|Tenderflake® Perfect Pastry: (Makes 2 Pie Crusts)|
|1 3/4 cups||(425 mL) Flour|
|3/4 tsp||(3 mL) Salt|
|3/4 cup||(175 mL) Tenderflake® Lard|
|4-5 tbsp||(60-70 mL) Ice water|
|Dried beans or rice for blind baking|
|4 1/2 tbsp||(67 mL) Granulated sugar|
|1 1/2 tbsp||(22 mL) Cornstarch|
|1 1/2 tbsp||(22 mL) All-purpose flour|
|1 cup||(250 mL) Milk|
|1 tsp||(5 mL) Vanilla|
|3 cups||(750 mL) Raspberries|
|1/4 cup||(60 mL) Flaked almonds|
|Icing sugar, for dusting|
MIX together flour and salt in a large bowl.

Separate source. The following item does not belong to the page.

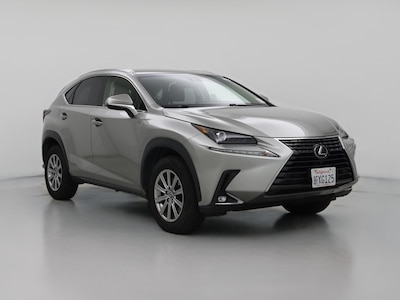 2018 Lexus NX 300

Cut in lard with a pastry cutter or gently with fingertips until mixture resembles coarse oatmeal. Gradually add enough water to make dough cling together. Gather into a ball and divide in half. Shape each ball into a flattened round on a lightly floured surface. Wrap in plastic wrap and refrigerate one for 30 minutes and freeze one for later use.
PREHEAT oven to 375°F (190°C).
ROLL out refrigerated pastry on a lightly floured surface until slightly larger than a 9” (23 cm) tart pan. Transfer into the tart pan and lightly press into sides of pan. Using a fork prick tart shell all over. Place a square of parchment paper, slightly larger than the tart, inside the shell. Fill with dried beans or rice. Place on a baking sheet and bake in preheated oven for 15-20 minutes or until lightly browned. Remove beans and parchment paper. Set tart shell aside to cool completely.
WHISK sugar, cornstarch, flour, and egg yolks in a bowl. In a saucepan, over medium heat, bring milk and vanilla to a simmer. While stirring, add half the milk to sugar/egg mixture; pour into the pan with the remaining milk. Cook over medium heat, stirring constantly, until mixture thickens and bubbles appear on the surface. Remove from heat and pour into a bowl; cover the surface with parchment or waxed paper. Cool to room temperature, then chill in refrigerator for at least one hour. Spoon into cooled crust.
ARRANGE raspberries on top. Dust with icing sugar and sprinkle with flaked almonds before serving.